Letztlich hat Luc Frieden vielen seiner politischen Mitstreiter aber etwas Wichtiges voraus: Er hat im Prinzip nichts zu verlieren. Wenn die CSV so schlecht abschneidet wie bisher erwartet, oder sogar noch schlechter, wäre das für ihn persönlich sicher kein Weltuntergang. Und auch für die Partei wäre es verkraftbar. Denn Wahlen verlieren und nicht regieren, konnte die CSV auch schon ohne einen Spitzenkandidaten Luc Frieden. Sollte er jedoch ein positives Resultat einfahren, könnte er am 8. Oktober 2023 für eine Überraschung sorgen und seine 2013 abrupt unterbrochene politische Erzählung weiterführen. Nüchtern betrachtet könnte Luc Frieden für die CSV bis auf Weiteres die letzte Chance auf die Rückeroberung des Premierpostens sein.

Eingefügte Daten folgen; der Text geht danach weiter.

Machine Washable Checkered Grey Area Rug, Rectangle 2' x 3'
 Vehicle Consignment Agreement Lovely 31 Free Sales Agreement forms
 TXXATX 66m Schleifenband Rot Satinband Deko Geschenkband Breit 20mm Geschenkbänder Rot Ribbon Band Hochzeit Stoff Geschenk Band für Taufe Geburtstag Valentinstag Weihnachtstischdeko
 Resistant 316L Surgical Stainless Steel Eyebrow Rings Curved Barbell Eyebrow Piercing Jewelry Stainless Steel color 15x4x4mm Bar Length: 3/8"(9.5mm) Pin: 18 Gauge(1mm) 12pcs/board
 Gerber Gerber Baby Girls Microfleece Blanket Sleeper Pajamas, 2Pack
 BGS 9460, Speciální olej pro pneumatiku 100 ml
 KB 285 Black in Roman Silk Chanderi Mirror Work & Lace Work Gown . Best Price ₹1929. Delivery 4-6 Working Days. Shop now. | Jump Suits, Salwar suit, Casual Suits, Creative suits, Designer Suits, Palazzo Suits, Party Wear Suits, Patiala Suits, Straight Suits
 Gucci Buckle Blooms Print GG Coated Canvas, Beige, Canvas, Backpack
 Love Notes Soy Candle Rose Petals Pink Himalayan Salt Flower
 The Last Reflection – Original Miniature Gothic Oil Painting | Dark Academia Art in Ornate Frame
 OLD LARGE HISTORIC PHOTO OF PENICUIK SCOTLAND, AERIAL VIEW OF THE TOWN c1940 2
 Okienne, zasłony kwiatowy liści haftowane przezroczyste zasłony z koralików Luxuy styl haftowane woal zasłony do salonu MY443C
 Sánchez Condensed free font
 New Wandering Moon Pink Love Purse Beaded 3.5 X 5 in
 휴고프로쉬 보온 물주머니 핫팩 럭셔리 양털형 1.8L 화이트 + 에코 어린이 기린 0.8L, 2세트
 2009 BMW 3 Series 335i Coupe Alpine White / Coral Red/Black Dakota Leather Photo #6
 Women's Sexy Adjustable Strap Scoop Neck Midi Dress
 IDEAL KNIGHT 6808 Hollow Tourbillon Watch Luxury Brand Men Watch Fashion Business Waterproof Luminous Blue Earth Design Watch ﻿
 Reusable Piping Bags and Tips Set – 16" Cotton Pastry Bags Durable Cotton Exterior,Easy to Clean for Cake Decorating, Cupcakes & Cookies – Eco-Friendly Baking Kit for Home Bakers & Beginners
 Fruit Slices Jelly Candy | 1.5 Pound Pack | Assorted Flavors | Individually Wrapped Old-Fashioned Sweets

Am Ende ist all dies aber doch sehr unwahrscheinlich. Denn die Voraussetzung wäre, dass die CSV sich tatsächlich traut, einen selbstbewussten und strategischen Wahlkampf zu führen. Wahrscheinlicher ist, dass sie versuchen wird, es allen und jedem recht zu machen, indem sie sich ein ähnlich schwammiges Programm gibt wie 2018, sich noch etwas verzweifelter als Koalitionspartner anbiedert als bisher und sich so am Ende irgendwie zurück an die Macht schleicht.